# SOURCE MATERIAL
========================================
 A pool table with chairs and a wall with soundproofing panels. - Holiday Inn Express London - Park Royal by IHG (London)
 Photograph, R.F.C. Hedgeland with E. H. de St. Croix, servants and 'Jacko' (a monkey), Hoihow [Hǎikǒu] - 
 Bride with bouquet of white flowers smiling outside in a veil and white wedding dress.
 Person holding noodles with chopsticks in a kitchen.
========================================
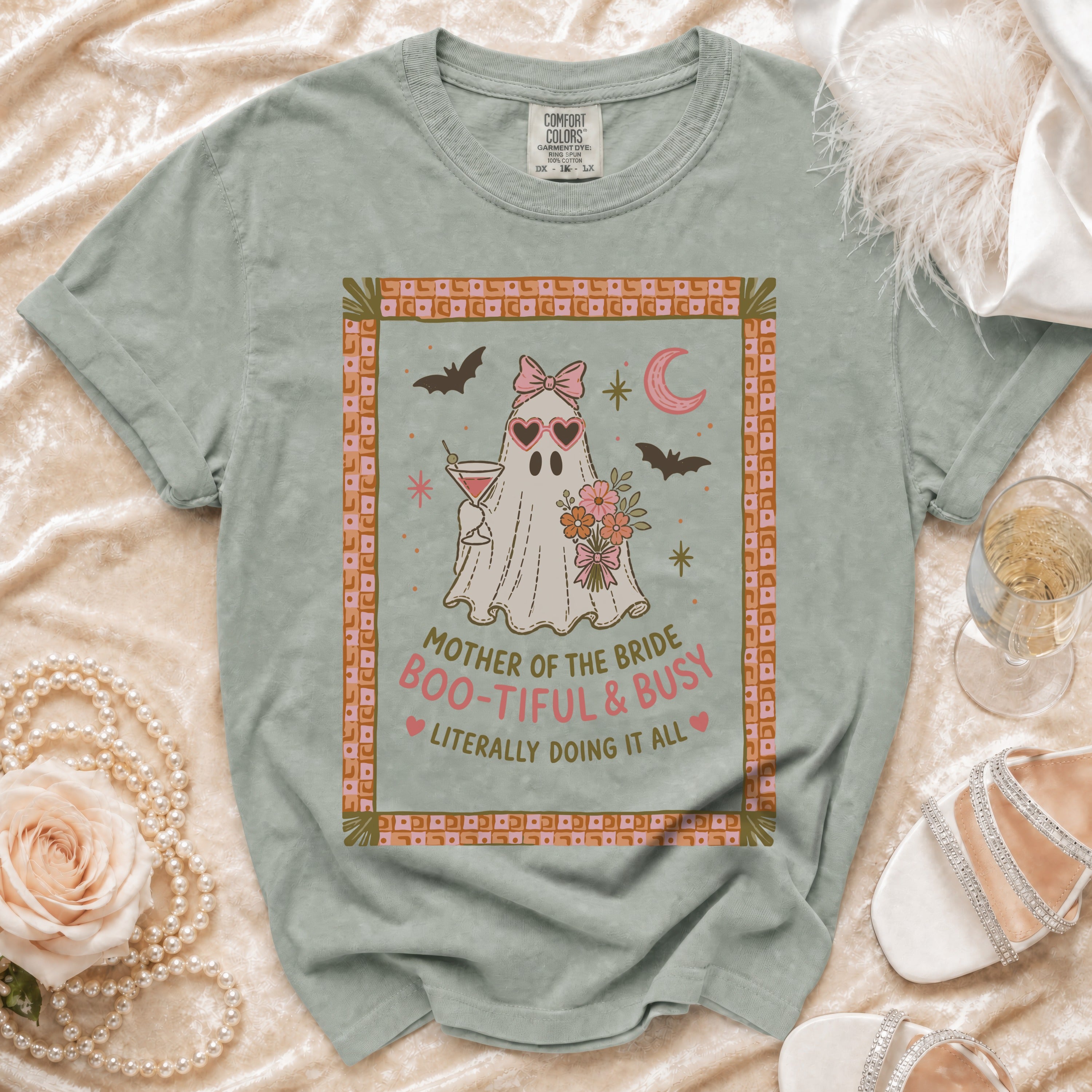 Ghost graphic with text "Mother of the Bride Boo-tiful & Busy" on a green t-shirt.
========================================
# WORK TASK
The entries above hold a line with "Bride with bouquet" and a later line with "Person holding noodles". Write out exactly those lines and all lines between, nothing more.

# SOLUTION FOR THIS EXERCISE
 Bride with bouquet of white flowers smiling outside in a veil and white wedding dress.
 Person holding noodles with chopsticks in a kitchen.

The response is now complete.